Session: Adaptive Stochastic Gradient Methods
Chair: Lin Xiao
Cluster: Nonlinear Optimization
Talk 1: The Road Less Scheduled
Speaker: Aaron Defazio
Abstract: Schedule-Free learning algorithms allow for the training of models in an any-time fashion, without compromising on speed, memory or final test metrics. I will dive into the details of how Schedule-Free learning works and show how it provides further quality-of-life improvements to practitioners, and provide details of our winning entry to the AlgoPerf algorithmic efficiency optimization challenge that used Schedule-Free AdamW.
Talk 2: Analyzing AdaGrad Under Anisotropic Smoothness Assumptions
Speaker: Yuxing Liu
Abstract: Adaptive gradient methods have demonstrated remarkable success for training large-scale deep neural networks. However, the theoretical understanding of these methods, particularly in the large batch size regime (which is commonly used in practice), remains limited. In this talk, we aim to address this gap by introducing a generalized anisotropic smoothness assumption that better reflects the behavior of modern neural network training. Our theoretical analysis reveals that AdaGrad achieves provably faster convergence compared to standard gradient methods, even when large batch sizes are employed. These results provide valuable theoretical insights into the practical efficacy of adaptive gradient methods.

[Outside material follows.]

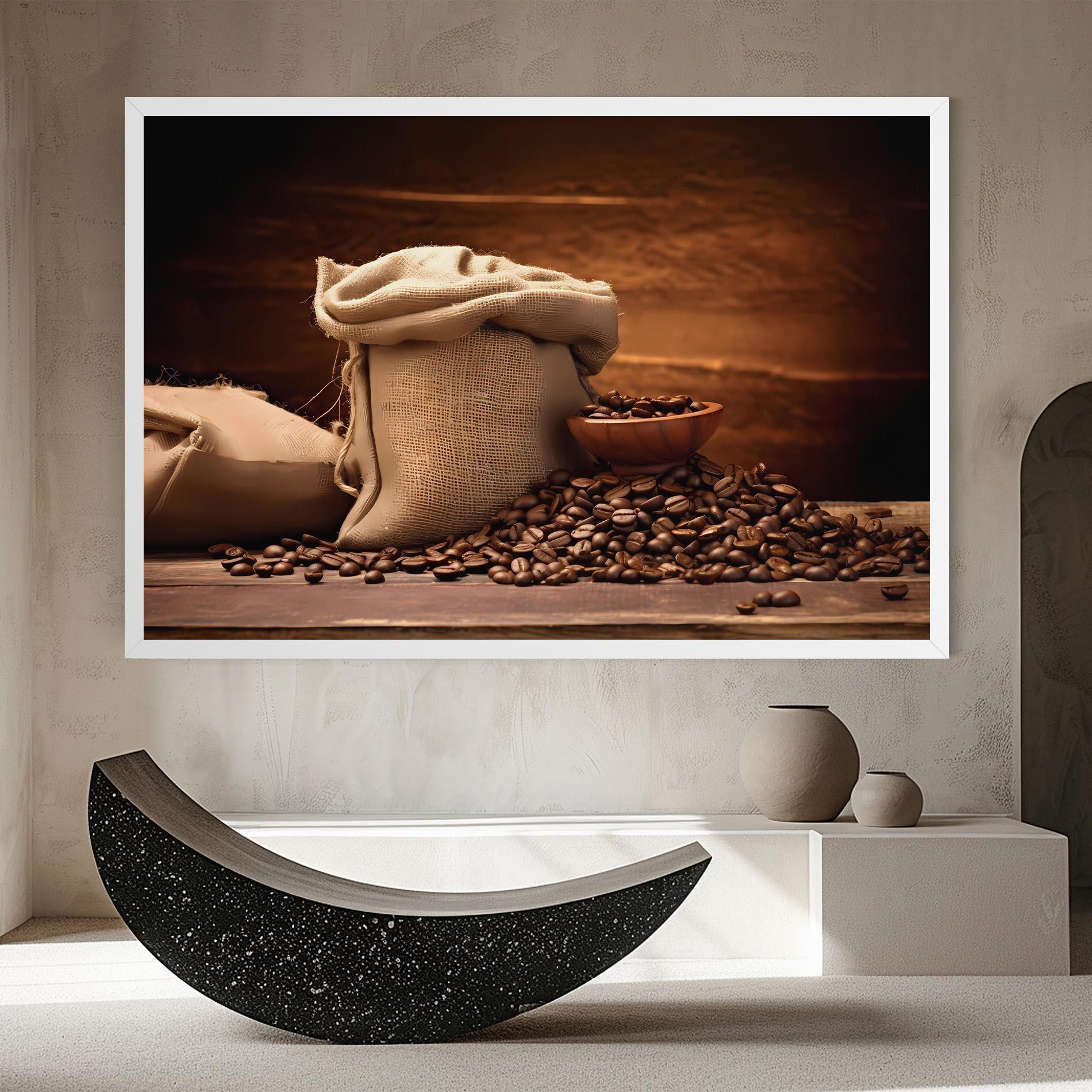 Leinwandbild Big Bag Of Coffee Beans mockup 8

Talk 3: A Novel Approach to Loss Landscape Characterization without Over-Parametrization
Speaker: Antonio Orvieto
Abstract: Modern machine learning heavily depends on the effectiveness of optimization techniques. While deep learning models have achieved remarkable empirical results in training, their theoretical underpinnings remain somewhat elusive. Ensuring the convergence of optimization methods requires imposing specific structures on the objective function, which often do not hold in practice. One prominent example is the widely recognized Polyak-Lojasiewicz (PL) inequality, which has garnered considerable attention in recent years. However, validating such assumptions for deep neural networks entails substantial and often impractical levels of over-parametrization. In order to address this limitation, we propose a novel class of functions that can characterize the loss landscape of modern deep models without requiring extensive over-parametrization and can also include saddle points. Crucially, we prove that gradient-based optimizers possess theoretical guarantees of convergence under this assumption. Finally, we validate the soundness of our assumption through both theoretical analysis and empirical experimentation across a diverse range of deep learning models.